● Task requirements
Once you reach the line with "Durante una conferencia" in the material below, copy each line exactly up to and including the line with "City Hall in", and skip the pictures.

● Dataset excerpts
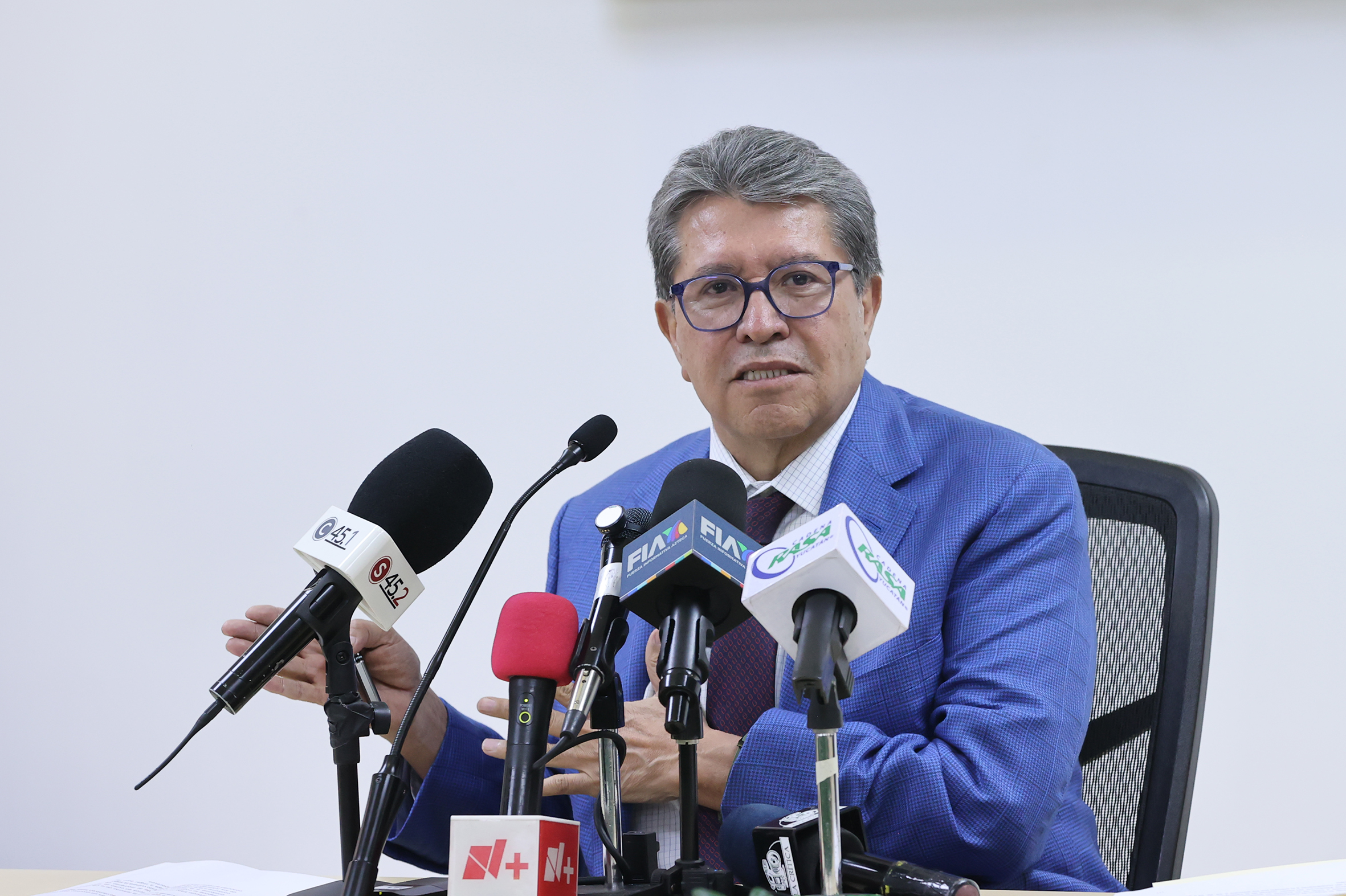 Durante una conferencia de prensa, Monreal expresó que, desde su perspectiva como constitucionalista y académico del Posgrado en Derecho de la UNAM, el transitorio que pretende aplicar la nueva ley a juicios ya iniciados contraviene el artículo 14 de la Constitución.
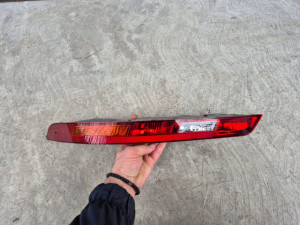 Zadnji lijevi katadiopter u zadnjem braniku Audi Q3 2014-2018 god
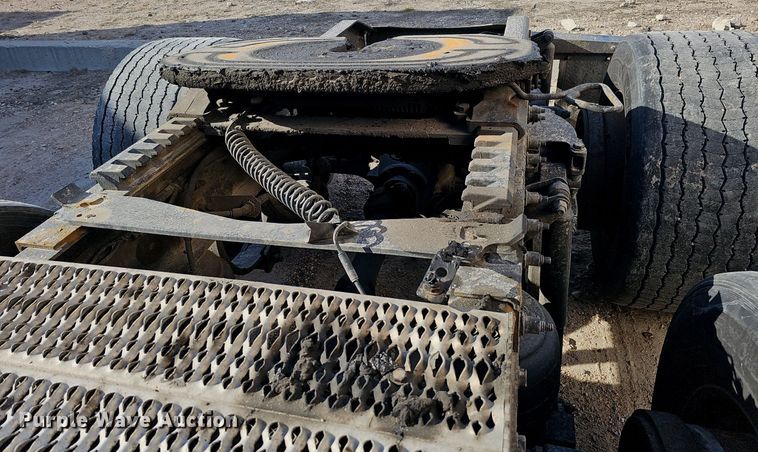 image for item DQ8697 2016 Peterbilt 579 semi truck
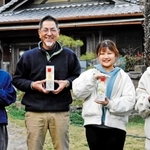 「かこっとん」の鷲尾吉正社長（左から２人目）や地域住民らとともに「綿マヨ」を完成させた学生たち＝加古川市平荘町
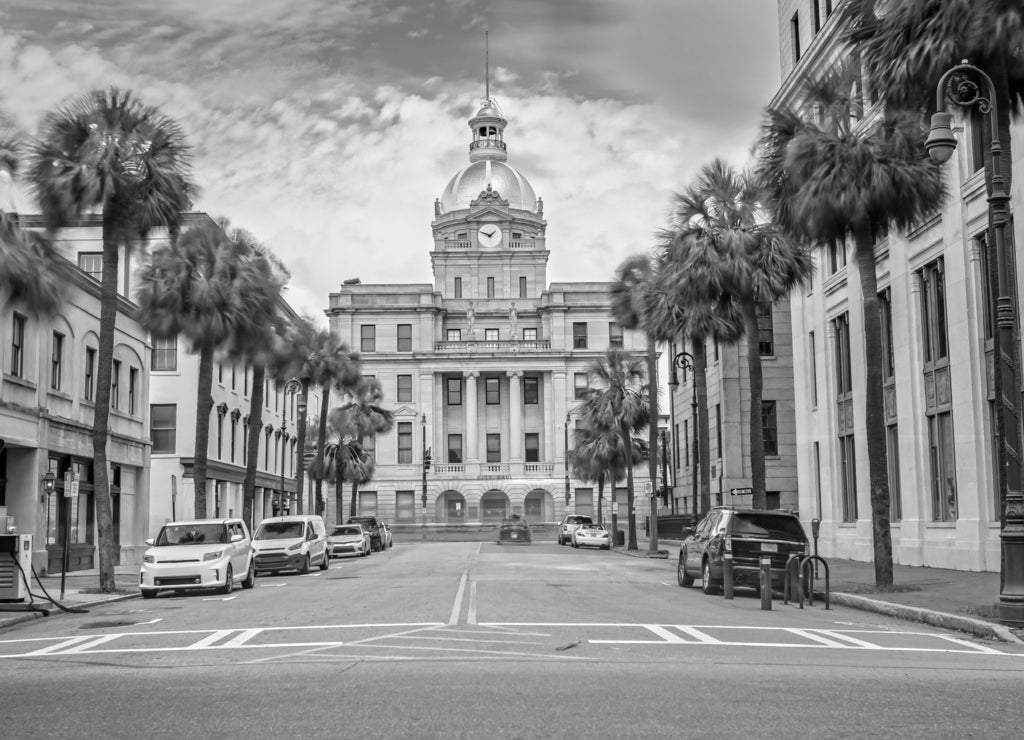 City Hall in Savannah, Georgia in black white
...
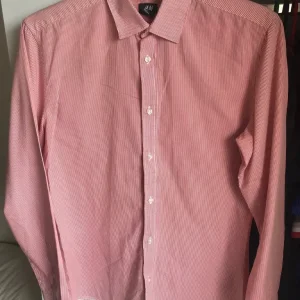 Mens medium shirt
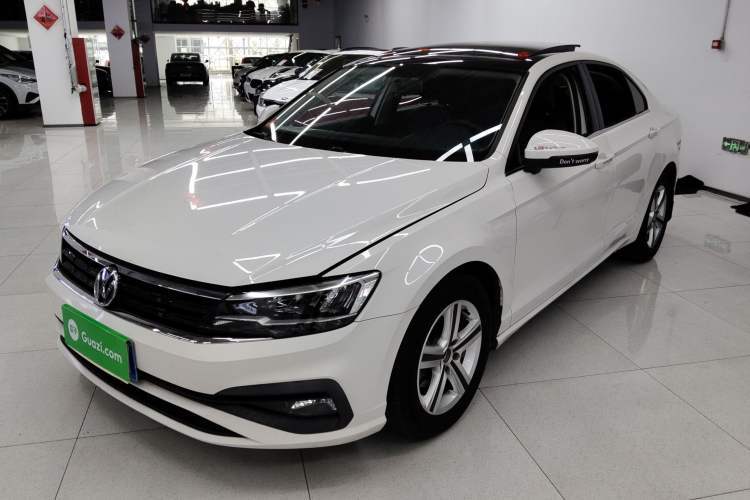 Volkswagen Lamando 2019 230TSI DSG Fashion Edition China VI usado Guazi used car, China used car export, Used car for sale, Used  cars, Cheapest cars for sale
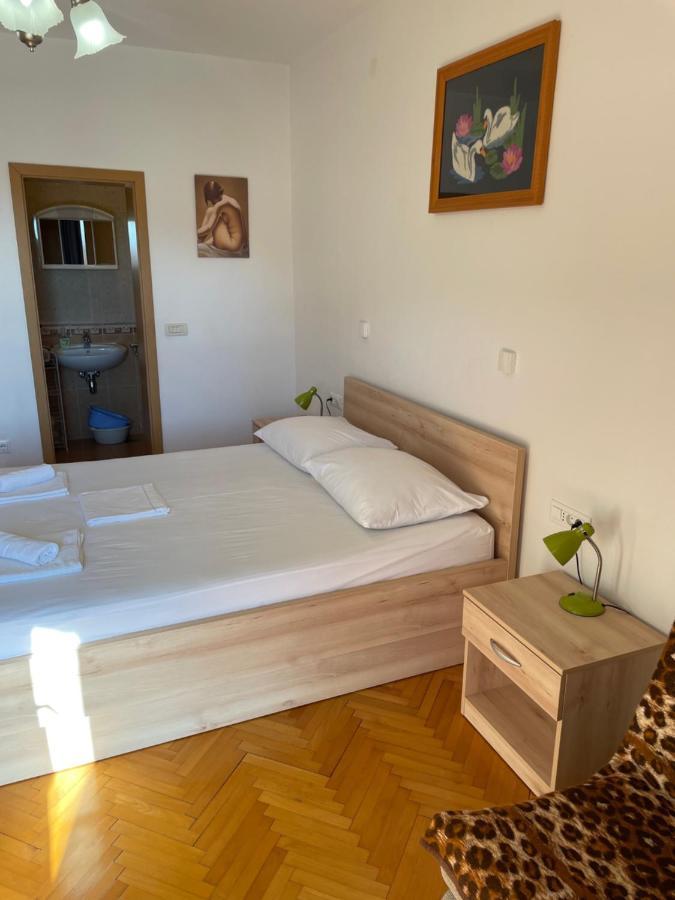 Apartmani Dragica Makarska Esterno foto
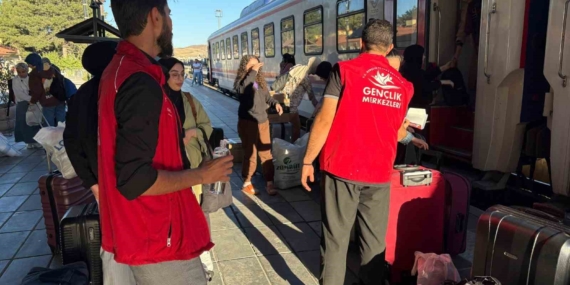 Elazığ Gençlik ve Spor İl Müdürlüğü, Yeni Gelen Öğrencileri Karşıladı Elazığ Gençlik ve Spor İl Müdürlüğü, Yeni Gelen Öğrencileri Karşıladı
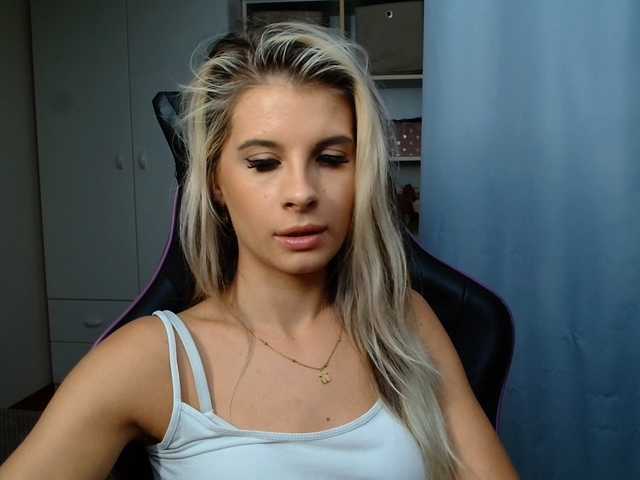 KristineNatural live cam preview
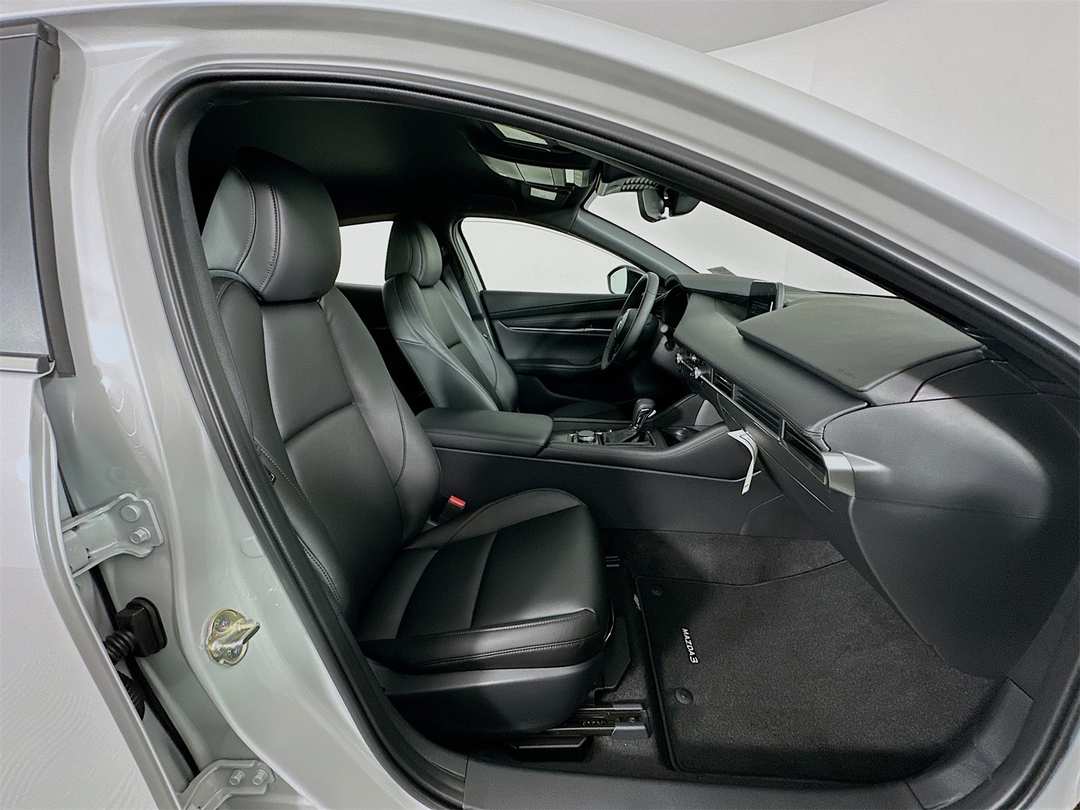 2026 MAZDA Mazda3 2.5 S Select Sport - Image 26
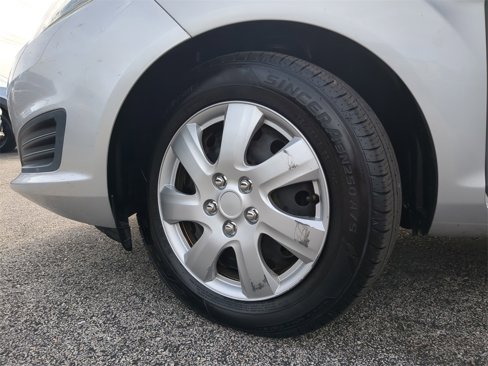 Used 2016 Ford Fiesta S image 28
* * *
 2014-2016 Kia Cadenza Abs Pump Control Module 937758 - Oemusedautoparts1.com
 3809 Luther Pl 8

● Exercise solution
 Durante una conferencia de prensa, Monreal expresó que, desde su perspectiva como constitucionalista y académico del Posgrado en Derecho de la UNAM, el transitorio que pretende aplicar la nueva ley a juicios ya iniciados contraviene el artículo 14 de la Constitución.
 Zadnji lijevi katadiopter u zadnjem braniku Audi Q3 2014-2018 god
 image for item DQ8697 2016 Peterbilt 579 semi truck
 「かこっとん」の鷲尾吉正社長（左から２人目）や地域住民らとともに「綿マヨ」を完成させた学生たち＝加古川市平荘町
 City Hall in Savannah, Georgia in black white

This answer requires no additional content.